Content starts

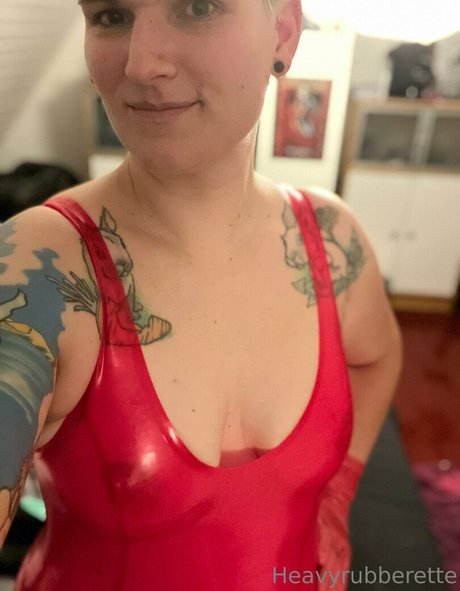 Heavyrubberette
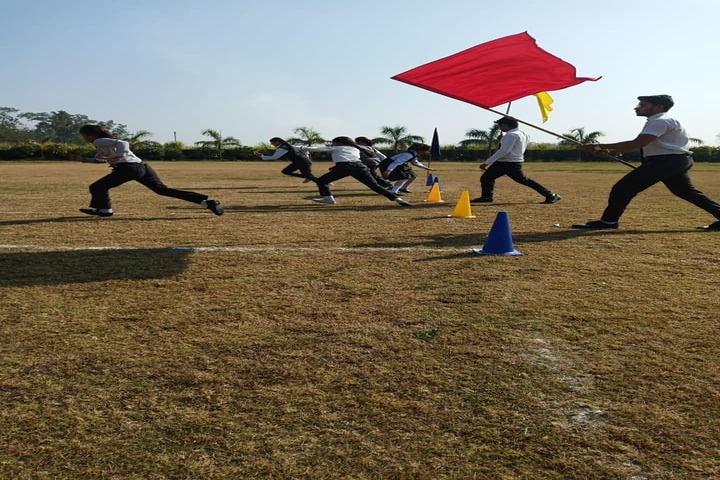The Laureate School-Sports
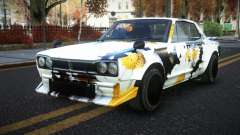 Nissan Skyline Deian S7 для GTA 4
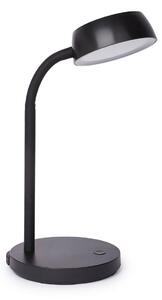 Maul Lampa biurkowa LED MAULabby, czarny, biuro, tworzywo sztuczne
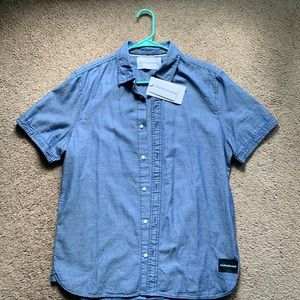 Brand new Calvin Klein jeans dress shirt size medium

Content ends

How to complete this task: Give back exactly the lines from the line with "Maul Lampa biurkowa" through the final line of the entries above, and keep pictures out of the copy.

Answer space:
 Maul Lampa biurkowa LED MAULabby, czarny, biuro, tworzywo sztuczne
 Brand new Calvin Klein jeans dress shirt size medium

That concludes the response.